Petr Kolář, le plus français des jésuites tchèques

A l’occasion des fêtes de Pâques, Radio Prague vous propose une rencontre avec le prêtre jésuite Petr Kolář. Il a derrière lui un parcours hors du commun : celui d’un ecclésiastique formé en Autriche, en Allemagne et en France, celui également d’un prêtre qui, dans les années 1970-80 à Paris, s’est occupé des exilés d’Europe centrale et orientale et, inversement, après la révolution de velours, de la communauté francophone à Prague. Celui enfin d’un journaliste de Radio Vatican et de la Radio tchèque qui exerce aujourd’hui à l’Eglise Saint-Ignace, place Charles, en plein centre de Prague.

Vivant en exil depuis 1968, Petr Kolář a effectué deux ans de noviciat en Autriche, avant de poursuivre sa formation jésuite en Allemagne puis finalement en France. Avant de parler, avec Petr Kolář, de son travail de responsable de la Mission catholique tchèque à Paris, nous lui avons demandé pourquoi, en tant que jeune séminariste, il avait été attiré par la France.
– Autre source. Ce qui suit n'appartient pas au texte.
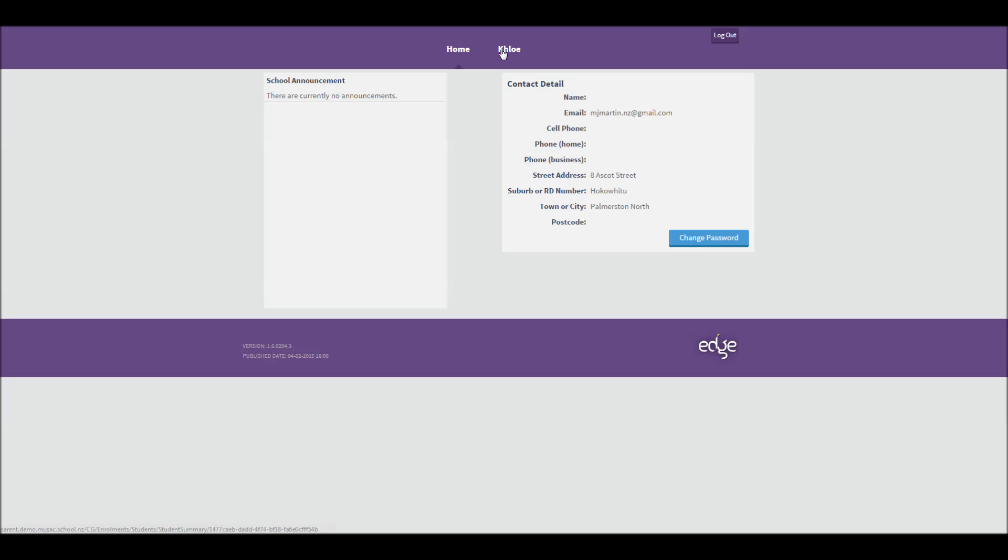At the top of the screen, I have the option to click through to any students that I've been given access to, in this case Chloe.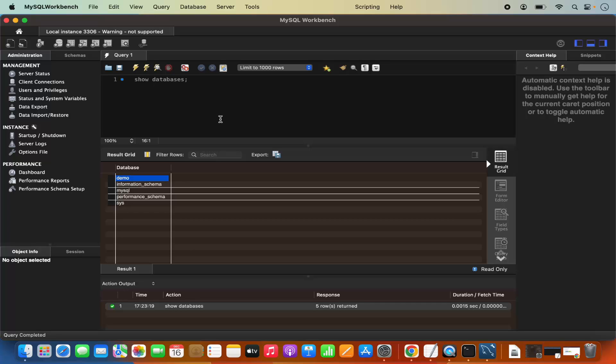So this is how you can download and install MySQL on your Mac operating system, and also install MySQL Workbench. I hope you enjoyed this video and I will see you in the next one.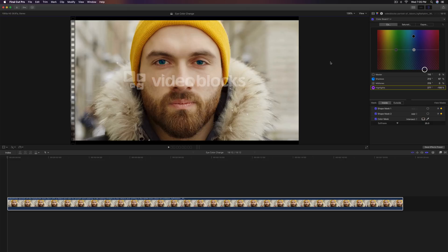What's going on everyone? It's KingTouchPro and welcome back to another Final Cut Pro X tutorial. In today's tutorial, I'm going to show you how to change your eye color in Final Cut Pro X without using any plugins or third-party applications. You can do this all in Final Cut Pro X and it's really easy.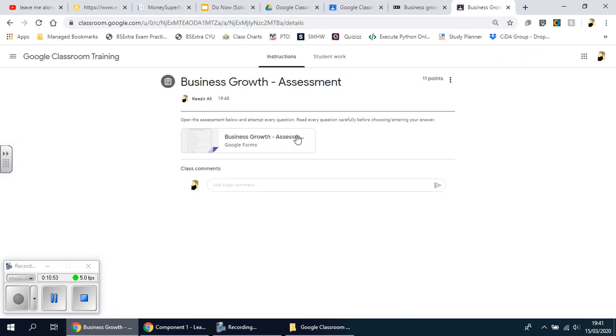On the next video, I'm going to show you how we're going to assess it.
Petr Kolář, photo: Alžběta Švarcová, ČRoPetr Kolář, photo: Alžběta Švarcová, ČRo « Je suis né dans un milieu ouvrier, prolétaire. A Ostrava, à l’époque, il y avait des mines, du charbon, des aciéries… Dans le quartier où nous habitions, il n’y avait presque pas de catholiques. Nous étions, grosso modo, deux familles catholiques sur deux cents. A cette période-là, où je me posais la question de savoir comment est-il possible que l’on pratique quelque chose de si bizarre qui n’intéresse pas les autres, j’ai appris qu’en France, les prêtres ne servaient pas seulement dans les paroisses, mais qu’ils allaient dans les usines, où ils pouvaient s’adresser aux gens qui, normalement, n’allaient pas à l’église. C’étaient des prêtres ouvriers qui ont ensuite vécu des secousses, des hauts et des bas. Avant le Coup de Prague en 1948, j’avais lu un livre sur leurs activités et je me suis dit : ‘Moi, fils d’ouvrier, vivant dans les mêmes conditions, j’aimerais voir comment ça se passe.’ Plus tard, lorsque j'ai dû décider de la deuxième étape de mes études et me spécialiser, j’ai tout fait pour obtenir la permission de faire ces études en France. Il n’a pas été facile d’obtenir cette permission. A l’époque, l’Eglise catholique allemande était riche et finançait mes études, sans un clin d’œil, avec une générosité incroyable. Or en France, l’Eglise est pauvre, elle n’a pas de recettes par l’impôt religieux comme c’est le cas en Allemagne. Ensuite, j’ai vu que les salaires des prêtres français étaient vraiment bas. Il a donc fallu trouver un moyen de payer mes études. En plus la France ne jouissait pas d’une bonne réputation parmi les jésuites tchèques à l’étranger. Elle était considérée comme gauchiste, révolutionnaire, avec des expériences particulières, dont celle des prêtres ouvriers… »

Y-a-t-il quelque chose qui vous a surpris chez les jésuites français ?

« Le centre d’intérêt des chrétiens doit être ceux qui sont en dehors de l’Eglise et non ceux qui sont déjà dedans. »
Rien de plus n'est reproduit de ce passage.